## Exercise objective:
From the line containing "14k Gold 0.97" through the final line of the records, reproduce every line exactly.

(Records from a data collection)
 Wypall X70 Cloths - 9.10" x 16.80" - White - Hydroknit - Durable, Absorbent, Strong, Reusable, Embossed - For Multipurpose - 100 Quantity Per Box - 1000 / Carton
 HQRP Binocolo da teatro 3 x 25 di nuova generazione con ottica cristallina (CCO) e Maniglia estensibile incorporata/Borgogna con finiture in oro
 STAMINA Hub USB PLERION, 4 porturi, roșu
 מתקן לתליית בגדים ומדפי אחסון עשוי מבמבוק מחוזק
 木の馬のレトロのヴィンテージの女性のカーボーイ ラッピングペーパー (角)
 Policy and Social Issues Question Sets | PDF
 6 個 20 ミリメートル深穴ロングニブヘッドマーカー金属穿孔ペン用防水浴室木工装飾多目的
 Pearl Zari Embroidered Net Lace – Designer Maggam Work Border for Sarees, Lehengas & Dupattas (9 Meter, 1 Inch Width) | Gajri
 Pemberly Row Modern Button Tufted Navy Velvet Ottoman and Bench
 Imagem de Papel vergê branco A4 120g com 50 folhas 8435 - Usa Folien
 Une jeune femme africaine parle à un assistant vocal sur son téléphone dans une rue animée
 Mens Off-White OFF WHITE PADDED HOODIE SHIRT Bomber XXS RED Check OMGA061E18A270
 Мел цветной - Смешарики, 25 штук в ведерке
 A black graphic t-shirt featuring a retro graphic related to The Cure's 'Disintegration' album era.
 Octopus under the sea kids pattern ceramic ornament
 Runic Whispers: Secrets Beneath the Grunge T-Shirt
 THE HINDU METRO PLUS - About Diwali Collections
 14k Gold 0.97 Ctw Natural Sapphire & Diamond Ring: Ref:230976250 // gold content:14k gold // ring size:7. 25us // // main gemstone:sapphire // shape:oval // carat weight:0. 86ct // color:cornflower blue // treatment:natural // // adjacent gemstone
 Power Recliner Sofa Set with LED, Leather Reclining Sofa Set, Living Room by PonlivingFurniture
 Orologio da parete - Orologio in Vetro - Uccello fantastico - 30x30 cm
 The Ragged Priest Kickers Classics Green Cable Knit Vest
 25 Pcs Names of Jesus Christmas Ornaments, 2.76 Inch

## Answer section:
 14k Gold 0.97 Ctw Natural Sapphire & Diamond Ring: Ref:230976250 // gold content:14k gold // ring size:7. 25us // // main gemstone:sapphire // shape:oval // carat weight:0. 86ct // color:cornflower blue // treatment:natural // // adjacent gemstone
 Power Recliner Sofa Set with LED, Leather Reclining Sofa Set, Living Room by PonlivingFurniture
 Orologio da parete - Orologio in Vetro - Uccello fantastico - 30x30 cm
 The Ragged Priest Kickers Classics Green Cable Knit Vest
 25 Pcs Names of Jesus Christmas Ornaments, 2.76 Inch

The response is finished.